I started the book just as I registered for the Brooklyn half-marathon, and it was perfect timing. After a couple of sedentary winter months I’m finally getting off the couch and hitting the pavement, and yesterday I even impressed myself with my distance and time. It’s been many months since that’s happened.

Reading it also gave me some relief as I’ve been nervously awaiting my MFA program results. I’ve only officially heard from two of my ten schools — Minnesota and Iowa, both rejections — but so far the process has been a little discouraging.

My biggest realization while I’ve had to wait is that I am still so new to this whole writing business, at least in the world of storytelling. I put a period on the end of a sentence and think “poetry!”, allowing myself to fantasize about what could happen, and then I come back to the same story the next day and see garbage. Just how do you write what floats around formless in your head? And how do you get others to care about those images and ideas?

I’ve learned that the important thing is not to let doubt and laziness get in the way. Like any real skill, whether it’s becoming an athlete or learning to play Chopin like a pro, writing well is a life-long process requiring an obscene amount of discipline. To pretend to be serious about any of these things without putting in the necessary time is just sad.

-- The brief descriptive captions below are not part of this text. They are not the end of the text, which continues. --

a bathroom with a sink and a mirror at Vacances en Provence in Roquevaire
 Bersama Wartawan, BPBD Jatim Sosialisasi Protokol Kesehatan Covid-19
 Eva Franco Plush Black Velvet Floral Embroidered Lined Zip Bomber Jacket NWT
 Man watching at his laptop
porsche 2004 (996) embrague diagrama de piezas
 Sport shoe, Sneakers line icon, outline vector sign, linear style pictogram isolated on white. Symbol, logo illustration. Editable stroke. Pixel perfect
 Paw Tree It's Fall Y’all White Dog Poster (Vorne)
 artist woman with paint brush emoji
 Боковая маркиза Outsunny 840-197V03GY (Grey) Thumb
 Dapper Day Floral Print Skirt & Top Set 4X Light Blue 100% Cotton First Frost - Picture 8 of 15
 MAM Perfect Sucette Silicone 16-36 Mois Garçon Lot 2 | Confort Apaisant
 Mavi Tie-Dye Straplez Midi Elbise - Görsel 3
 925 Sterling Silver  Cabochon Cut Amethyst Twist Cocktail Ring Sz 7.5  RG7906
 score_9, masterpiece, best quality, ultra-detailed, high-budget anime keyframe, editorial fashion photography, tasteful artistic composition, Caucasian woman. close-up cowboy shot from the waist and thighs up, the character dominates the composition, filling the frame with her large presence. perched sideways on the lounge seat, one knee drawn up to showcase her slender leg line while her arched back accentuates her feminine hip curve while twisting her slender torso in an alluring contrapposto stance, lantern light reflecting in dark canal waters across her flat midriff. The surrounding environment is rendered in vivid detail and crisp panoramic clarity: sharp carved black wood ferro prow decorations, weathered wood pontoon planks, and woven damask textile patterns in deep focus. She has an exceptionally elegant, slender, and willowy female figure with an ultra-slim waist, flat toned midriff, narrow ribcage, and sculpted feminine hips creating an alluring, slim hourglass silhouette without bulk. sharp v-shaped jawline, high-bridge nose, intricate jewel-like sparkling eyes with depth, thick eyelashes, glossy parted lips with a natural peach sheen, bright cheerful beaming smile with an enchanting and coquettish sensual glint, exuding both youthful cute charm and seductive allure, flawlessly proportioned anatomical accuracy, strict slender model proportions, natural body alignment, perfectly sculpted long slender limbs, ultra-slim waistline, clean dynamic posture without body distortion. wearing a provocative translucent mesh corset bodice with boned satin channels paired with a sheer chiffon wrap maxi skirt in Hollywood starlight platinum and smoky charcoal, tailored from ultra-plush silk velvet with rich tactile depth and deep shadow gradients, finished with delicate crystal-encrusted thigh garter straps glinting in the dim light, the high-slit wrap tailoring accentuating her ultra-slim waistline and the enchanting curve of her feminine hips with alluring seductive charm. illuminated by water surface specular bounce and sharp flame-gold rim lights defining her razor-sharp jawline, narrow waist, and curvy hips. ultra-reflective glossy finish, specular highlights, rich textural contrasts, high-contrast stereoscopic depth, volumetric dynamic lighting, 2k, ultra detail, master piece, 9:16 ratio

No matter what happens with the programs I still have to hear from, I am proud at what I’ve gotten done in the past few months. I’ve published a few pieces of nonfiction, I’ve started and restarted and finished drafts of stories, and I’ve read a lot. I’m still trying to establish a consistent writing schedule, and too often I slack off. But in my stories I hear a faint voice. I think I just need time and faithful practice of the craft, and maybe it will get a little louder and a little more melodic.

Running, as Mr. Murakami discovered for himself, is the perfect companion for the long process of writing. To stay focused, to keep the muscles toned, to be disciplined, I just have to run. And the next day I have to lace up my running shoes and do it again. Eventually it will get easier, and as I build up my endurance, maybe I’ll surprise myself with the results.